RECORDED INFORMATION:
━━━━━━━━━━━━━━━━

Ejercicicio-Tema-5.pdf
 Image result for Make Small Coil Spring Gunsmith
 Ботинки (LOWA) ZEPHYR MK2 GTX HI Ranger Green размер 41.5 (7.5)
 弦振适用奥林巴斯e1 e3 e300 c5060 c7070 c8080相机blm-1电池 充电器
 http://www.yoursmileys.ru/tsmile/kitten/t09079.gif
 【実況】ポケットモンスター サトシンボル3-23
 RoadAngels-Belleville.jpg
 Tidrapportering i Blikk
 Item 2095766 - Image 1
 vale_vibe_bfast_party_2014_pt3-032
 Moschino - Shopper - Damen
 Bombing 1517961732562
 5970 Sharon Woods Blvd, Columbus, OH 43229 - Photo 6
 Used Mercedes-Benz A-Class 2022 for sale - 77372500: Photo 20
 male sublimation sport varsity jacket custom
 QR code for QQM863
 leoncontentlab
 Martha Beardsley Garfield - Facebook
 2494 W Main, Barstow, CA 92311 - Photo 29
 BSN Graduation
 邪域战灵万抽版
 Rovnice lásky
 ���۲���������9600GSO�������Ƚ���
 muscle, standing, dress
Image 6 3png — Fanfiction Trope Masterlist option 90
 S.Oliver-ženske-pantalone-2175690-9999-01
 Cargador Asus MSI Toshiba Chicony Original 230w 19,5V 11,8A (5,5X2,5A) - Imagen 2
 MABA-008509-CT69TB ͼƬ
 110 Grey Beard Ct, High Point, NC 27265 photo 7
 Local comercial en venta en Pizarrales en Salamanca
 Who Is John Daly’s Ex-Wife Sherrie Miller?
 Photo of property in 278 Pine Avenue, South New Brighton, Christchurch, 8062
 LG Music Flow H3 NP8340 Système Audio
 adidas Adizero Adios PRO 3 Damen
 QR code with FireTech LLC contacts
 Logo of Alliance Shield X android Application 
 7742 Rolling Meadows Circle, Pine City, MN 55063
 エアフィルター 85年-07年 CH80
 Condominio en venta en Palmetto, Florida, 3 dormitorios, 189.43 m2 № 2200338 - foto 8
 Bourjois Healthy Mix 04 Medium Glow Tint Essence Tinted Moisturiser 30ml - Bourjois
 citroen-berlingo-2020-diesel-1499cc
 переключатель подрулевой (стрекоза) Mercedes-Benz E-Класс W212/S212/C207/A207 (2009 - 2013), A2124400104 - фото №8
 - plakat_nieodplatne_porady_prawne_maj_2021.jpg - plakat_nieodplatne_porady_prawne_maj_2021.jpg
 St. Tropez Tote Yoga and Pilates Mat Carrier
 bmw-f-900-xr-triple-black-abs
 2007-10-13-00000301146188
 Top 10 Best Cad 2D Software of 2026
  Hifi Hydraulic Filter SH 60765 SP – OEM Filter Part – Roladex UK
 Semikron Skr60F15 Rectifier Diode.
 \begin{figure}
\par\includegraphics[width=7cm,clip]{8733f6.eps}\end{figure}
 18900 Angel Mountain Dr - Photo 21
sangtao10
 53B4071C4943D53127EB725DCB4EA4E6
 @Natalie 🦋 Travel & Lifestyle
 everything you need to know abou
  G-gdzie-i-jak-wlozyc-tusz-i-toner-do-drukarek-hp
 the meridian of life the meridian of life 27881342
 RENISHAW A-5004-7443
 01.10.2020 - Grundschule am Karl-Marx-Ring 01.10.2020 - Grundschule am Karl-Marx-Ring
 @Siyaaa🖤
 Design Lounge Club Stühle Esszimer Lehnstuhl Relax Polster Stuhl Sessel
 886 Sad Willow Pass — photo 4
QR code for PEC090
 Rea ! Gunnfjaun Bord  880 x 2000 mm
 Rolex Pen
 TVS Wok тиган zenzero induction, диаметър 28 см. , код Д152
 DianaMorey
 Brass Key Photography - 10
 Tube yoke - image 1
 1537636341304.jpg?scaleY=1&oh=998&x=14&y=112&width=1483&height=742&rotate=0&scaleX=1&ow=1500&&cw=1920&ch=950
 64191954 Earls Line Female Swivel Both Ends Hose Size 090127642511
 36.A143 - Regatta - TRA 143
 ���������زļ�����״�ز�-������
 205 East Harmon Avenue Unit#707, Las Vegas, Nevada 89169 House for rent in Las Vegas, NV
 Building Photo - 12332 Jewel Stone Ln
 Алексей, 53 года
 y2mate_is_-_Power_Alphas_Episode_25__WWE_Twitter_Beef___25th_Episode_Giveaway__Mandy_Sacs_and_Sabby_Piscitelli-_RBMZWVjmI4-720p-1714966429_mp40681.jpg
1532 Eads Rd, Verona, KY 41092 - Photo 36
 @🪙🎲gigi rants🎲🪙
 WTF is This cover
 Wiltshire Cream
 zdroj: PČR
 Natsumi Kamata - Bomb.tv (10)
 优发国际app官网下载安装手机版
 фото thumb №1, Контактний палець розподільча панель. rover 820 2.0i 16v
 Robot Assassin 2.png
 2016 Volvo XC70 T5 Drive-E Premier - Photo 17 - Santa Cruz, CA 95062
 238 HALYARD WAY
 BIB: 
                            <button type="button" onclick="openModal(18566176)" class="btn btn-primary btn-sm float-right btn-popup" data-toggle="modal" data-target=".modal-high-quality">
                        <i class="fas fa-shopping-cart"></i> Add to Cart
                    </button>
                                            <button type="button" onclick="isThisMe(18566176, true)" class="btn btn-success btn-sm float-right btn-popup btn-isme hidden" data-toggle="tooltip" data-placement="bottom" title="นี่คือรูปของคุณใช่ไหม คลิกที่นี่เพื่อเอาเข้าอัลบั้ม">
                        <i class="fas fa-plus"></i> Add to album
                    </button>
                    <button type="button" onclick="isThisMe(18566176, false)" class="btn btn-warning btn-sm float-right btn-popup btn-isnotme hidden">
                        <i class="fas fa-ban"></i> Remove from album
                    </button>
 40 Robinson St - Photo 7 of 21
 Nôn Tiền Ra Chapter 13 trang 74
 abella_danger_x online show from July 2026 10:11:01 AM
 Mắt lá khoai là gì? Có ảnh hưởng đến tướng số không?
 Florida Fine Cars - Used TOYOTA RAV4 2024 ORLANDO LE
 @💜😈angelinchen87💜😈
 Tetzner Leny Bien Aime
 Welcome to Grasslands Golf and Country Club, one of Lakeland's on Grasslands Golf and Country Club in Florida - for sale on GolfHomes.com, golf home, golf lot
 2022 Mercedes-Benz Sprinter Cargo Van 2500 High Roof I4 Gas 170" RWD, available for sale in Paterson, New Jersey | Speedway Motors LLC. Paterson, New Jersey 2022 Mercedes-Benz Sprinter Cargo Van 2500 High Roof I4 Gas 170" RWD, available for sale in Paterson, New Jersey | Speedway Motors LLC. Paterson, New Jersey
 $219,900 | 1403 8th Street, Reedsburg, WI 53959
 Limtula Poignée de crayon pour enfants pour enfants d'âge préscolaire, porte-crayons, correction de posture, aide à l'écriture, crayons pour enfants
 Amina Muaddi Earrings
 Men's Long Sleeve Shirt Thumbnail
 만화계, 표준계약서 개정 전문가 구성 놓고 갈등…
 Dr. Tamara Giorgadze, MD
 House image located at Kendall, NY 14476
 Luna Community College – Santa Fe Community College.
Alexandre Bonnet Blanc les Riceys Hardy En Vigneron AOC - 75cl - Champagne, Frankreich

━━━━━━━━━━━━━━━━

TASK REQUIREMENTS: Print exactly the lines of the listing above starting at the line containing "RENISHAW A-5004-7443" and ending at the line containing "фото thumb №1, Контактний", both included.

SOLVED EXERCISE:
 RENISHAW A-5004-7443
 01.10.2020 - Grundschule am Karl-Marx-Ring 01.10.2020 - Grundschule am Karl-Marx-Ring
 @Siyaaa🖤
 Design Lounge Club Stühle Esszimer Lehnstuhl Relax Polster Stuhl Sessel
 886 Sad Willow Pass — photo 4
QR code for PEC090
 Rea ! Gunnfjaun Bord  880 x 2000 mm
 Rolex Pen
 TVS Wok тиган zenzero induction, диаметър 28 см. , код Д152
 DianaMorey
 Brass Key Photography - 10
 Tube yoke - image 1
 1537636341304.jpg?scaleY=1&oh=998&x=14&y=112&width=1483&height=742&rotate=0&scaleX=1&ow=1500&&cw=1920&ch=950
 64191954 Earls Line Female Swivel Both Ends Hose Size 090127642511
 36.A143 - Regatta - TRA 143
 ���������زļ�����״�ز�-������
 205 East Harmon Avenue Unit#707, Las Vegas, Nevada 89169 House for rent in Las Vegas, NV
 Building Photo - 12332 Jewel Stone Ln
 Алексей, 53 года
 y2mate_is_-_Power_Alphas_Episode_25__WWE_Twitter_Beef___25th_Episode_Giveaway__Mandy_Sacs_and_Sabby_Piscitelli-_RBMZWVjmI4-720p-1714966429_mp40681.jpg
1532 Eads Rd, Verona, KY 41092 - Photo 36
 @🪙🎲gigi rants🎲🪙
 WTF is This cover
 Wiltshire Cream
 zdroj: PČR
 Natsumi Kamata - Bomb.tv (10)
 优发国际app官网下载安装手机版
 фото thumb №1, Контактний палець розподільча панель. rover 820 2.0i 16v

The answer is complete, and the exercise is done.